Brothels, systems administrators from hell, and radio-controlled bomb-defusing robots were just some of the topics raised by US and Australian law enforcement authorities attending a special session of global threats to IT security at the World IT Business Forum in Adelaide today.
The forum, which is a prelude to the World Congress on Information Technology 2002, tackled a broad range of thorny issues relating to cybercrime which the FBI estimates costs companies worldwide $3 trillion a year.
While IT security is no longer just a technical problem, but a corporate governance issue for the board room, Australasian Centre for Policing Research director Commander Barbara Etter said its importance is not reflected in expenditure.
Etter said an estimated .0025 per cent of total private sector revenue is spent on IT security, which is less than the total amount spent by companies on coffee.

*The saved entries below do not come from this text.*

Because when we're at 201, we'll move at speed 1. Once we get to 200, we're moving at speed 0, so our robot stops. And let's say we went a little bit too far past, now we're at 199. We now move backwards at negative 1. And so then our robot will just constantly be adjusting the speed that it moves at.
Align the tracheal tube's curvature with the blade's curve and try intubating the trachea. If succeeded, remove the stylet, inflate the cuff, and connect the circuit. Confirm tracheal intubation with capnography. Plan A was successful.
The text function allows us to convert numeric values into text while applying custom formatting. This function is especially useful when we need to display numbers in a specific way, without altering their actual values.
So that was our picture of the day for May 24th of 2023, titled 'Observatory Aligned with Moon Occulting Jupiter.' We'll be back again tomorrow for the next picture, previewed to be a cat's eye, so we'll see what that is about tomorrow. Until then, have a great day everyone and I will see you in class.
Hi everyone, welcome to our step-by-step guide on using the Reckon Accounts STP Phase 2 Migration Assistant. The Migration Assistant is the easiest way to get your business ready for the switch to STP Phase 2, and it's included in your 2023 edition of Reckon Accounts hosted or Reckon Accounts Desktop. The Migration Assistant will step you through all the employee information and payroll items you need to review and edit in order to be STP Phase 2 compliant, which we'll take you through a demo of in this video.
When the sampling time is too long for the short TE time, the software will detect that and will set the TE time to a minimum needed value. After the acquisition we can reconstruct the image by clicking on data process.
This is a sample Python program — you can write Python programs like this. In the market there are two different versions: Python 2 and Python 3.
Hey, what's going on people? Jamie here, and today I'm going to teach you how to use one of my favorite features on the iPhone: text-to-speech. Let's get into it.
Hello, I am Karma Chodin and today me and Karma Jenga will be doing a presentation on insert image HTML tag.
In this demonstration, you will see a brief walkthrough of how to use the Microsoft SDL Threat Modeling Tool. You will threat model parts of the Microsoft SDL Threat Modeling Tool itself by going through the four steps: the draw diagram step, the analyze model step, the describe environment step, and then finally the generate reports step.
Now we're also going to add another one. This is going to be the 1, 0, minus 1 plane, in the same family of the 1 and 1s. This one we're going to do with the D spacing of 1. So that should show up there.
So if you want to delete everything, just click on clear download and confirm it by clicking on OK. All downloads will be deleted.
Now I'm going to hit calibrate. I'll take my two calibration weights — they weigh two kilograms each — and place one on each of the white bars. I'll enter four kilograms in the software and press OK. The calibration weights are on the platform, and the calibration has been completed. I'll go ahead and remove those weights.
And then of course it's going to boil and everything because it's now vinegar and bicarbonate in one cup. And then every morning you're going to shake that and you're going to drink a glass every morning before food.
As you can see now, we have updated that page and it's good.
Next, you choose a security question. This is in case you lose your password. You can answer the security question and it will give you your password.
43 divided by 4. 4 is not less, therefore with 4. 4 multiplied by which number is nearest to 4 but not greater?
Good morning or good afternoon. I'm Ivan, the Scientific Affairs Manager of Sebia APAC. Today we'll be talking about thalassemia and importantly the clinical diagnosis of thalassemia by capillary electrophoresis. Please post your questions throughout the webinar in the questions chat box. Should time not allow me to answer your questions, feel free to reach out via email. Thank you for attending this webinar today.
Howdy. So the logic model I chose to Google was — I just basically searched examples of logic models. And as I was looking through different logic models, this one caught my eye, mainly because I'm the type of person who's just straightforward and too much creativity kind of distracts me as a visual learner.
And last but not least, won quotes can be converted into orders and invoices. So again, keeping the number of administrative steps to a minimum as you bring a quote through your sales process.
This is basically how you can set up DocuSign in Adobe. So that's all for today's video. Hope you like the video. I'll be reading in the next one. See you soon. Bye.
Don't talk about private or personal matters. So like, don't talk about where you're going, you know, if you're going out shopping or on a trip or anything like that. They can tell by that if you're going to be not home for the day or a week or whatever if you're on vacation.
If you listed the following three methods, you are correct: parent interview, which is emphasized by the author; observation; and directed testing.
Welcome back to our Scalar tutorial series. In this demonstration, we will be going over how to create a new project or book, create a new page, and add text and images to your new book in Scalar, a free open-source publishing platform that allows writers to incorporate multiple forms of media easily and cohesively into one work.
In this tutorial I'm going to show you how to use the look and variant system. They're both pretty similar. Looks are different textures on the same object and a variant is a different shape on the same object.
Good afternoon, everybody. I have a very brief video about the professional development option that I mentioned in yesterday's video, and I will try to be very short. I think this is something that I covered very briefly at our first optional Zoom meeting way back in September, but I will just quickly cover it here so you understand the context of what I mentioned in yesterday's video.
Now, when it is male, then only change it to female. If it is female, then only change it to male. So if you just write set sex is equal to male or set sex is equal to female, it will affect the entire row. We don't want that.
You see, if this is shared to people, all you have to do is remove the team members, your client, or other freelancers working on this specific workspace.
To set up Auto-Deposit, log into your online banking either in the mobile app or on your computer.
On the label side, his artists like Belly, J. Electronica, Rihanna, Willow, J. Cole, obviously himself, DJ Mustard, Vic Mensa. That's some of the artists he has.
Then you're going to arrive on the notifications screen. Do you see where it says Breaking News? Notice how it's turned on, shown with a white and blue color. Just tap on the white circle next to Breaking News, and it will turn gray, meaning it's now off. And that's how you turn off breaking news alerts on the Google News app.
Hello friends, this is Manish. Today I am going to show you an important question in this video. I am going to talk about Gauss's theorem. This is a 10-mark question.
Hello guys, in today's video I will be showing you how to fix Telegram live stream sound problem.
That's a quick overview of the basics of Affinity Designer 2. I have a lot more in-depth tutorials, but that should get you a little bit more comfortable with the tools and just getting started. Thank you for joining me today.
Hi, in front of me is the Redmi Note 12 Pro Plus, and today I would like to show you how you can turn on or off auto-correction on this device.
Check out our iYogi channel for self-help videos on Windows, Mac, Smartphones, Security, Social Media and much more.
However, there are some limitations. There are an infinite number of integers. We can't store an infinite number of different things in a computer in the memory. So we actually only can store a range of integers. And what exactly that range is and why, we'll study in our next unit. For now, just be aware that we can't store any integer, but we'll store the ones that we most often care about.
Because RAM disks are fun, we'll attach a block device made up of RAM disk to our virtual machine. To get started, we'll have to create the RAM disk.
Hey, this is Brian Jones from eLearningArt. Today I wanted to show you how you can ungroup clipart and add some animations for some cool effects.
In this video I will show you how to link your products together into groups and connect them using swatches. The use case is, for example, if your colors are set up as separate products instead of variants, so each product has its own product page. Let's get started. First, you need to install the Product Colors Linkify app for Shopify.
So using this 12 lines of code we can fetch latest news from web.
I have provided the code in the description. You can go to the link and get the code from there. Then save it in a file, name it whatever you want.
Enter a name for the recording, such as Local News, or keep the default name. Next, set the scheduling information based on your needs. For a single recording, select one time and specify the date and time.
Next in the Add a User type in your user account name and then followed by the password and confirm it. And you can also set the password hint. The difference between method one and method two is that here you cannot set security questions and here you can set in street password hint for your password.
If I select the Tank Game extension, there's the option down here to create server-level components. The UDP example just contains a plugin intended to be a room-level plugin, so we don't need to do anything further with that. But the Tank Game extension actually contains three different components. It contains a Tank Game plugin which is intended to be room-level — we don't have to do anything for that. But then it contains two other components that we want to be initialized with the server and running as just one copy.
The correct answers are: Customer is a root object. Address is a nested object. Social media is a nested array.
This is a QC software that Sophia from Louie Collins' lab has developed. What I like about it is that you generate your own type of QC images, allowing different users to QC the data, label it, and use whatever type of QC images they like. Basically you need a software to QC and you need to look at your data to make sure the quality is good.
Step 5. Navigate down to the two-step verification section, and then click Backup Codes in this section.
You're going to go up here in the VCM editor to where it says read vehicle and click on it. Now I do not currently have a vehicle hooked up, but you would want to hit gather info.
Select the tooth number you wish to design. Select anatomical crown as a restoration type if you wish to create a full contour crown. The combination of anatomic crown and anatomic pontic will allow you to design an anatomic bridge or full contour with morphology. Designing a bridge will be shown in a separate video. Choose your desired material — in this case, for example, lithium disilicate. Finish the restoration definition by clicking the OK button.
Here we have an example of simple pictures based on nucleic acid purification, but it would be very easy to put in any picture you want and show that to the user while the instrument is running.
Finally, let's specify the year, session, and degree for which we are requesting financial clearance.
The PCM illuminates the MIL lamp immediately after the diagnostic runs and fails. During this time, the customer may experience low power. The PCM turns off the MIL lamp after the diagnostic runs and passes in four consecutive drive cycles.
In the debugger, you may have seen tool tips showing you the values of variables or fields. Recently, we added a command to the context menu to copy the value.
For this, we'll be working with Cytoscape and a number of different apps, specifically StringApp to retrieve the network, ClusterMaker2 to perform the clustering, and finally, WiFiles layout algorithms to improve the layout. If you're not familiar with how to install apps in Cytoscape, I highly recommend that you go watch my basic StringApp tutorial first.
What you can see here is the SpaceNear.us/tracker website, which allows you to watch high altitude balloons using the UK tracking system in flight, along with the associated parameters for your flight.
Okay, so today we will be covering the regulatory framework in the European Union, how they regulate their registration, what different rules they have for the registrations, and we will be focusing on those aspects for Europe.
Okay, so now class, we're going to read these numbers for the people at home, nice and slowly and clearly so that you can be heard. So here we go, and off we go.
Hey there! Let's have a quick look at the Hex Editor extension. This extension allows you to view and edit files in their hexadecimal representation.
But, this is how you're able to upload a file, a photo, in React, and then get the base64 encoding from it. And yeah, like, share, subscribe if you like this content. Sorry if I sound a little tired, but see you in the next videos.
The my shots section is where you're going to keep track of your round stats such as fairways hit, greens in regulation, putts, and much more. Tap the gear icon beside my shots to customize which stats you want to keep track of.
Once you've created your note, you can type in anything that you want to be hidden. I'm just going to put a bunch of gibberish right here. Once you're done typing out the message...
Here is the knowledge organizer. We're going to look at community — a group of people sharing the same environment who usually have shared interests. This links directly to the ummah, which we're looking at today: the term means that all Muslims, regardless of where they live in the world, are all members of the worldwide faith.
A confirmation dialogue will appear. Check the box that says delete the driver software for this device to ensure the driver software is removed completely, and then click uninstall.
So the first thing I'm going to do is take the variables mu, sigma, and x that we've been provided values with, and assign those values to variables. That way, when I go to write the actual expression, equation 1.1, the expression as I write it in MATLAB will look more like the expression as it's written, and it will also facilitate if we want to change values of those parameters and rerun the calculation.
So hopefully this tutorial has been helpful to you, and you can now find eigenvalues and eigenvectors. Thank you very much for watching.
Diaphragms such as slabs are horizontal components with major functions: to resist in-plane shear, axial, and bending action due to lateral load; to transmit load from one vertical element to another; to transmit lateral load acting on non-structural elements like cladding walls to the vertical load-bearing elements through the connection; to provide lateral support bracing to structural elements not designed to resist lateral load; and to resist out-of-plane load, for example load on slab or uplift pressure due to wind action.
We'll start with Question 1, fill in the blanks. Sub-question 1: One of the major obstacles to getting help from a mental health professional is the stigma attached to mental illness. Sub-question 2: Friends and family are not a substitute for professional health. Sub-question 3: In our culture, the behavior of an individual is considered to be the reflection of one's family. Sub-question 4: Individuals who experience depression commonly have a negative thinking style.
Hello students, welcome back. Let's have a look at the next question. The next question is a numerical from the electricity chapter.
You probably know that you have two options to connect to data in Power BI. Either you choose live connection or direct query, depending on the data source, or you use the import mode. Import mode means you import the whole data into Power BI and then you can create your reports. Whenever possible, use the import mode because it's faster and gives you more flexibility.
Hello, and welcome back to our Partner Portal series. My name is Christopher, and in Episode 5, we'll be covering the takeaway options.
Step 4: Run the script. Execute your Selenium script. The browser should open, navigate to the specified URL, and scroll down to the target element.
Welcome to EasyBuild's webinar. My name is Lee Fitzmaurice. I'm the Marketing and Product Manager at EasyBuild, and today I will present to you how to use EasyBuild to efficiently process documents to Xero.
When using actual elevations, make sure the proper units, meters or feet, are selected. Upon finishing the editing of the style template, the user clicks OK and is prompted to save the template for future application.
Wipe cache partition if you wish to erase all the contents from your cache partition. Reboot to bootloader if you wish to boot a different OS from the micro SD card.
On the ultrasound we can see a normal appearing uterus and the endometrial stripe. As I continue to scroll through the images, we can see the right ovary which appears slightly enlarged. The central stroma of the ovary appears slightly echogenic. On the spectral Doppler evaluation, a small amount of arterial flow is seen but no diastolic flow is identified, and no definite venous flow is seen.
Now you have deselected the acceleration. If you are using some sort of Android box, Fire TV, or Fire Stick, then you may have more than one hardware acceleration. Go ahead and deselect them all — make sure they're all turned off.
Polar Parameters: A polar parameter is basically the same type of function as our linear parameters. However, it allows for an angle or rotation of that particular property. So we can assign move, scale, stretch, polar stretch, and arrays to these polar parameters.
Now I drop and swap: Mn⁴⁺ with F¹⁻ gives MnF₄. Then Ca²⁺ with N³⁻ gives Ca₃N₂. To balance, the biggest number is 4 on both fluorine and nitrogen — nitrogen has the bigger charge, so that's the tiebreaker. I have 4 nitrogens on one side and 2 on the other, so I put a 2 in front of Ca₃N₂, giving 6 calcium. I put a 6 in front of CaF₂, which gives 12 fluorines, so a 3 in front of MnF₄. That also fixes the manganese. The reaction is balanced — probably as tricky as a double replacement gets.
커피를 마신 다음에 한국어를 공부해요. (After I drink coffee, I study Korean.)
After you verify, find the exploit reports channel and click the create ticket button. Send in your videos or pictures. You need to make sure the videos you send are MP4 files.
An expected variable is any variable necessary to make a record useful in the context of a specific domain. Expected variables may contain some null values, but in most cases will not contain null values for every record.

Citing an example of how laws are lagging behind the pace of technological change, South Australian Police Commissioner Mal Hyde said the act of visiting a brothel in Adelaide is illegal if services are paid for in cash but it is legal if paid by a credit card.
Hyde described cyberspace as a new frontier with few rules, making it an adventurer's playground.
US Department of Justice computer crime and intellectual property section deputy chief Phil Reitinger said for the private sector the internal threat is as great as the external attack, because there is no technology to protect companies from insiders.
System administrators, he said, hold the keys to the kingdom, and cited examples of what he referred to as "system administrators from hell".
Reitinger said there are plenty of examples of system administrators hacking into the company networks; in one case, he said, he came across an administrator who had an effigy of his boss that was used for shooting practise. "To law enforcement, the effigy is what we call a clue," he joked.
While Reitinger said there needs to be greater information sharing between government and the private sector, he did not necessarily support mandatory reporting of security breaches.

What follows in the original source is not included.